Mit dem Gesetzentwurf von Juli 2014 setzt die Große Koalition unter Bundesarbeitsministerin Andrea Nahles ein weiteres Ziel des Koalitionsvertrags um: Auch Praktikanten bekommen nun den Mindestlohn von 8,50 Euro. Ab Januar 2015 sollen Praktika wie eine Arbeitsstelle vergütet werden; eine diskutierte Sonderregelung für Studenten und Azubis blieb aus. Aus Sicht der Politik naht damit das Ende der viel beschworenen „Generation Praktikum“.
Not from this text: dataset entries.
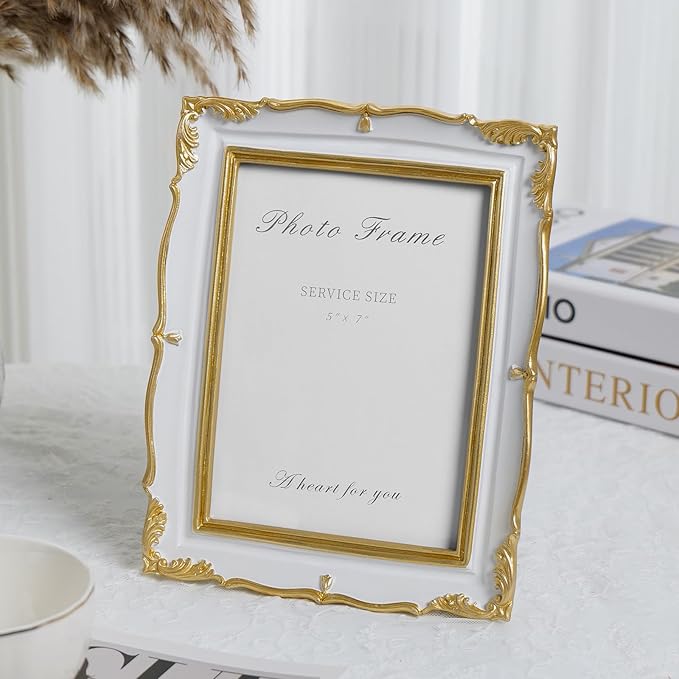 Cuspin Vintage Picture Frame 5x7 Gold Frames, Ornate White and Gold Textured - Image 2
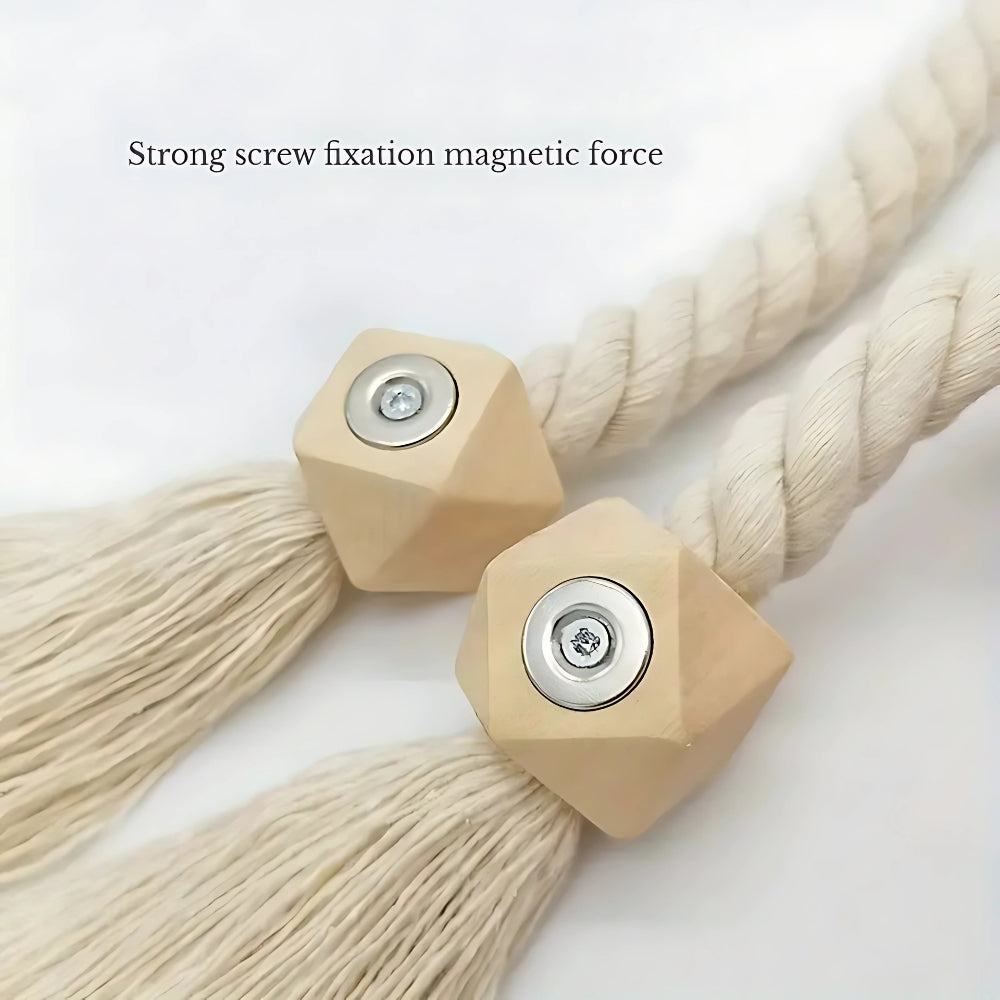 Skanto | Wooden Bead Tassel Curtain Holders | 2Pcs Set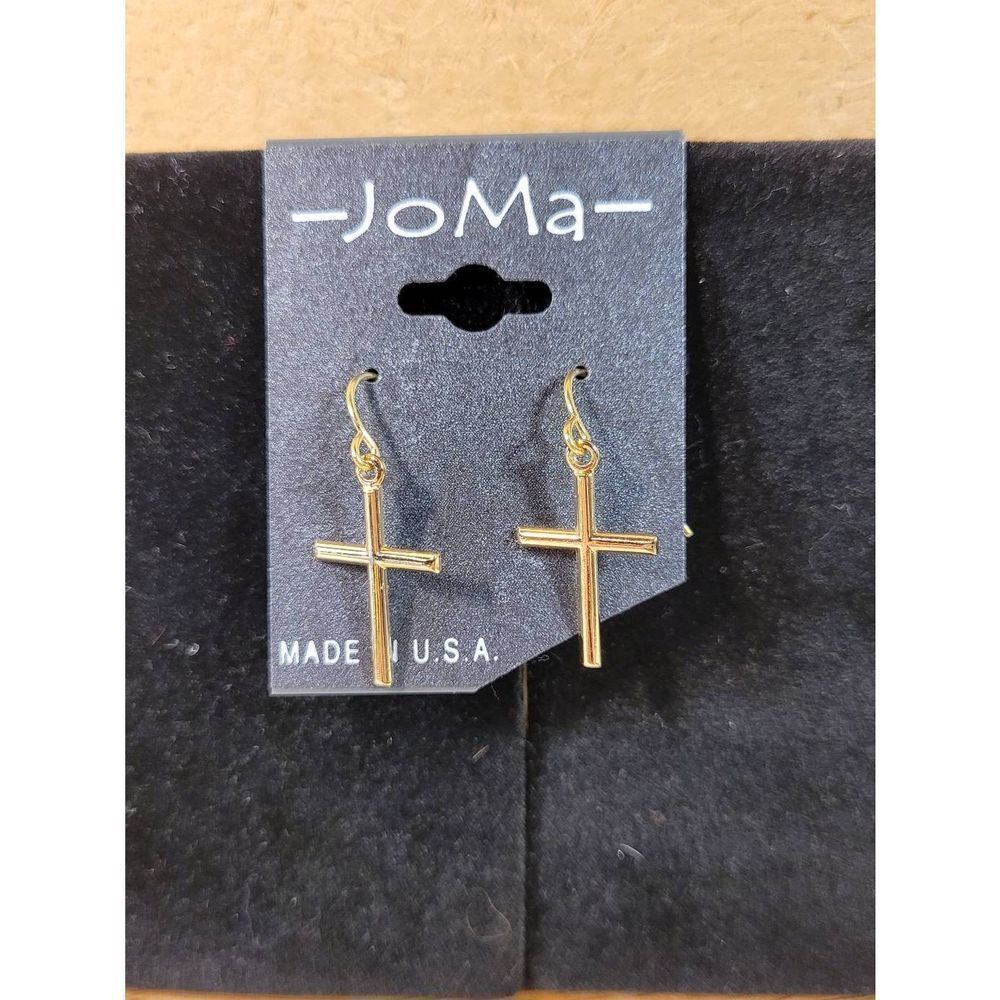 (3 for $15) JoMa Goldtone Cross Dangle Earrings- NEW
Die These von gut ausgebildeten, jungen Absolventen, die in Firmen als günstige Arbeitskraft ohne feste Anstellung in Dauerpraktika aufgerieben werden, trifft meist nicht zu. Joachim Förster, Justiziar der Industrie- und Handelskammer Rhein-Neckar, bewertet die Situation kritisch: „Praktika sind und waren ein sinnvoller Teil der Ausbildung. Die in den Medien vertretene These der ,Generation Praktikum‘ wurde in Studien nicht bestätigt.“ Laut der gewerkschaftsnahen Hans-Böckler-Stiftung waren 2011 rund 40 Prozent der Praktika nach Studienabschluss unbezahlt und gingen über einen Zeitraum von durchschnittlich fünf Monaten. Nach dem Studium absolvierten aber gerade einmal 28 Prozent überhaupt ein Praktikum, ein Großteil davon aus den Geistes- und Sozialwissenschaften. Gerade für Studenten dieser Fachrichtungen könnte es in Zukunft schwer werden, ein längeres Praktikum zu absolvieren.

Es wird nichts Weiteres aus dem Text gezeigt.